The hardworking Christmas kitchen
The hardworking Christmas kitchen
The most harmonious Christmases are often when everyone lends a hand; mucking in with the vegetable chopping, keeping drinks topped up and scooping up discarded gift wrap. Because, we all know, festive entertaining is hardwork. But there’s a secret weapon for the savvy host in the guise of a hardworking kitchen. It’s not just about getting the roast timings right (though a couple of timers will come in very useful when there are so many distractions) – we’re big fans of creating a seamless flow within the space, making sure all the essentials are in easy reach, and divvying up the duties amongst the team.
A well planned kitchen layout is your best friend at busy times like Christmas. The classic triangular arrangement of fridge, sink and hob is an old favourite but a wonderfully efficient way of working. Nerine, kitchen designer at Neptune Fulham, explains, “The cook needs to be in the middle of the action - in the middle of the triangle - all the helpers should work around this space, ideally not crossing paths or walking through the cook’s space.” She also suggests positioning your festive helpers on the opposite side of a kitchen island or table, away from the main action.
And next to helpers, plug points are the most useful asset when you’re cooking up a festive storm. Nerine recommends fitting them at the end of island units or in the back of larder cupboards where the microwave - or even a kettle - can be positioned, keeping the cook’s area clutter free.
Access to essentials is key for a smooth running kitchen - and that doesn’t just mean having oils and salts near the stove for cooking. Nerine recommends installing your spice rack and knife block in a drawer adjacent to the prep area to keep your space tidy.
Any food prep requires plenty of handwashing, so a soap dispenser and plenty of freshly laundered towels (we’re big fans of a built-in sliding towel rack). We’d recommend a hand wash with 60-80% alcohol to make sure it’s truly effective.
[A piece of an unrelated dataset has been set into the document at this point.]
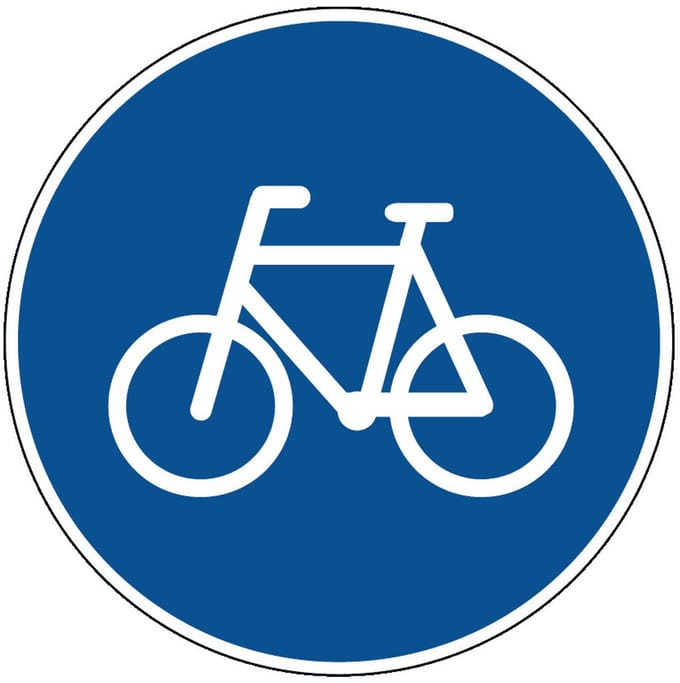 Fietspad bord - kunststof - G11 300 mm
Slim, integrated chopping block units, plate racks and open racks are all useful design solutions for busy cooks who need equipment close to hand, but cumbersome items like extra large roasting tins and deep saucepans might need to be extracted from their usual place at the back of a cupboard ahead of the big day. We’ve all spent hours rooting around in cupboards trying to find that elusive, extra deep roasting tin!
There’s plenty of organisation that can be done ahead of the big day – the benefits of which will be reaped for months afterwards. We all have a junk drawer, a muddle of can’t-throw-away things - Blu Tac, string, pens, the odd nail varnish and batteries of varying sizes. Drawer dividers will section off cutlery trays (our Barlow or Ratcliff dividers are a good option), or even shallow boxes, are a great way of making sure all the muddle is sorted.
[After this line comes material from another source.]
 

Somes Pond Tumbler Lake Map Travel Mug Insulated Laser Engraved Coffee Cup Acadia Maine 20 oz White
And if you’re fond of a gadget, a built-in charging station is a handy device for keeping electronics (and their leads) out of sight too. Our Chichester charging station is made of oak with a leather surface that slots into a drawer that can be used to charge - and hide - up to six devices. An essential for Christmas lunchtime, surely.
On the day itself, with a little luck, you’ll have plenty of help in the kitchen. The layout of the space might mean this turns into a well choreographed dance or a frantic mix of people getting in each other’s way. We suggest assigning everyone a role, just like a restaurant kitchen - you’ll need runners to carry dishes and accoutrements between kitchen and table; you’ll need a middle man to do the simpler jobs like stirring the gravy while the cook focuses on the final flourishes and there is always a role for the dishwasher-stacker. A job for everyone will ensure harmony at Christmas for all (and you can make it into a game for the little ones).